The tax line. North Dakota's combined take is the item out-of-state investors most often miss: a 5% gross production tax plus a 5% oil extraction tax — roughly 10% of wellhead value, among the highest state burdens in the country, withheld before your royalty check is cut (gas is taxed at an annually adjusted per-mcf rate; stripper wells and certain new wells qualify for reduced extraction rates). The 2015 reform that set the 5% extraction rate also eliminated most price triggers, so the rate is stable and predictable. Compare that with Texas's 4.6% oil rate and it becomes obvious why identical gross royalties in the two states net very differently — the full comparison is in our severance taxes by state guide.

Key studies & data sources

The landmark resource study is the USGS 2013 assessment of the Bakken and Three Forks formations, which estimated mean undiscovered, technically recoverable resources of 7.4 billion barrels of oil (roughly 3.65 billion in the Bakken and 3.73 billion in the Three Forks), plus 6.7 Tcf of gas and 0.53 billion barrels of NGLs — double the agency's 2008 Bakken-only estimate, because it was the first to fully assess the Three Forks. The North Dakota Geological Survey and Department of Mineral Resources publish complementary in-place estimates that run far higher, illustrating how much oil primary recovery leaves behind — the motivation for the state's EOR push.

For current data, the NDIC Department of Mineral Resources' monthly Director's Cut is the single best basin report published by any state — production, rig count, price, gas capture percentage, and permitting in two pages. The EIA's Short-Term Energy Outlook and Bakken region drilling-productivity data cover the federal view, and Baker Hughes tracks the weekly rig count. Every well file, spacing order, and monthly production volume is searchable on the NDIC Oil & Gas Division site — use it before accepting anyone's numbers.

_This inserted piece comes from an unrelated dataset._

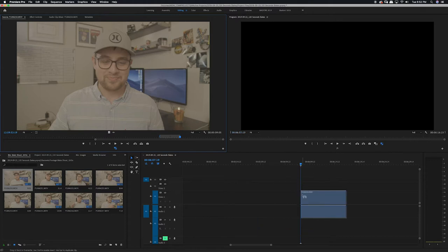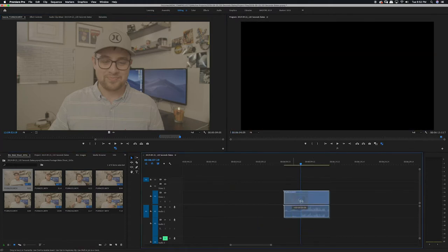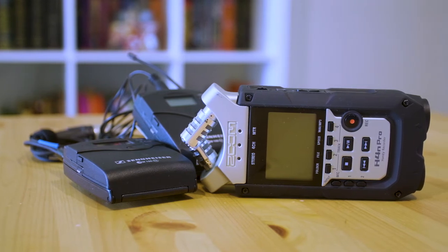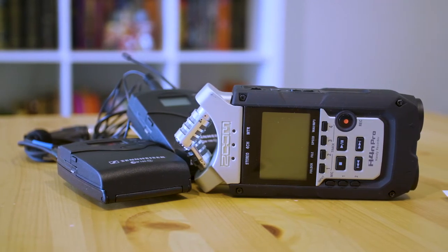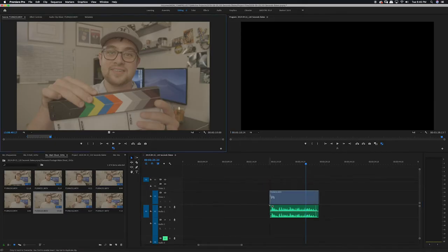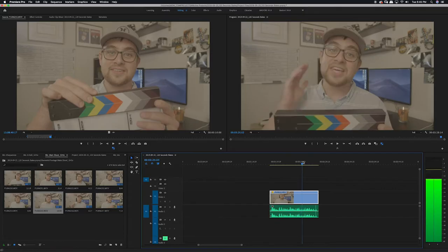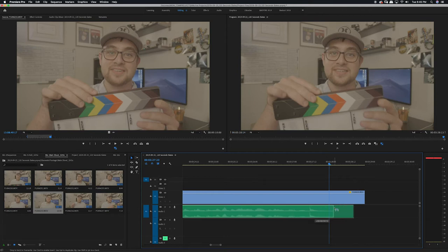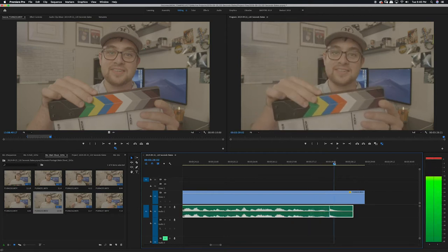First, we need to make sure that you understand what dual-system sound is. For this video, I'm using single-system sound, which means that the camera is recording both the video and the audio that I intend to use in the final edit. With single-system, the audio is already part of the video track when I start editing. Dual-system sound is the process of recording the audio separate from the video using some sort of external recording device. Naturally, this means we're going to have to sync up our audio and our video in post. This is why you'll need one of these. The most basic function of a slate is to provide the editor with a visual reference so that he can sync up the audio and the video tracks. All the editor has to do is find the clap in both the audio and the video and match them up.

Frequently asked questions

They are two stacked formations developed together. The Bakken has three members — an upper shale, a middle dolomitic siltstone (the actual drilling target), and a lower shale — with the shales serving as the source rocks. The Three Forks sits directly beneath the lower Bakken shale and is divided into four benches; the first bench is heavily developed, the second selectively, and the deeper benches remain mostly upside. Most drilling units carry wells in both formations.
North Dakota produced about 1.1–1.13 million barrels per day through 2025 and into 2026, with state officials guiding to roughly flat output. The rig count has held in the low-to-mid 20s — remarkably productive for so few rigs, because three-mile laterals and fast cycle times mean each rig delivers far more production than a decade ago.
North Dakota levies a 5% gross production tax plus a 5% oil extraction tax — roughly a 10% combined state take on oil at the wellhead, among the highest of any producing state, withheld before your royalty is paid. Gas is taxed at a per-mcf rate adjusted annually. Stripper wells and certain new-well windows qualify for reduced extraction tax rates.
A modern two-mile lateral runs roughly $7–8.5 million drilled and completed; three-mile laterals — now the default for large operators — run about $8.5–10.5 million with better cost per foot. Core-acreage breakevens sit around $40–55 WTI, with fringe acreage needing $60 or more. Existing wells cover operating costs at far lower prices, which is why production held steady through the 2025 price slump.
The basin is mature — output is plateaued, not collapsing. Core inventory is thinning, but 20+ rigs of steady development, four-mile lateral tests, refracs, and a state-backed enhanced oil recovery research program are all aimed at extending the plateau. For mineral owners this is a cash-flow basin: heavily proved production with shallow base declines, priced accordingly — cheaper per acre than the Permian, with fewer future wells baked into offers.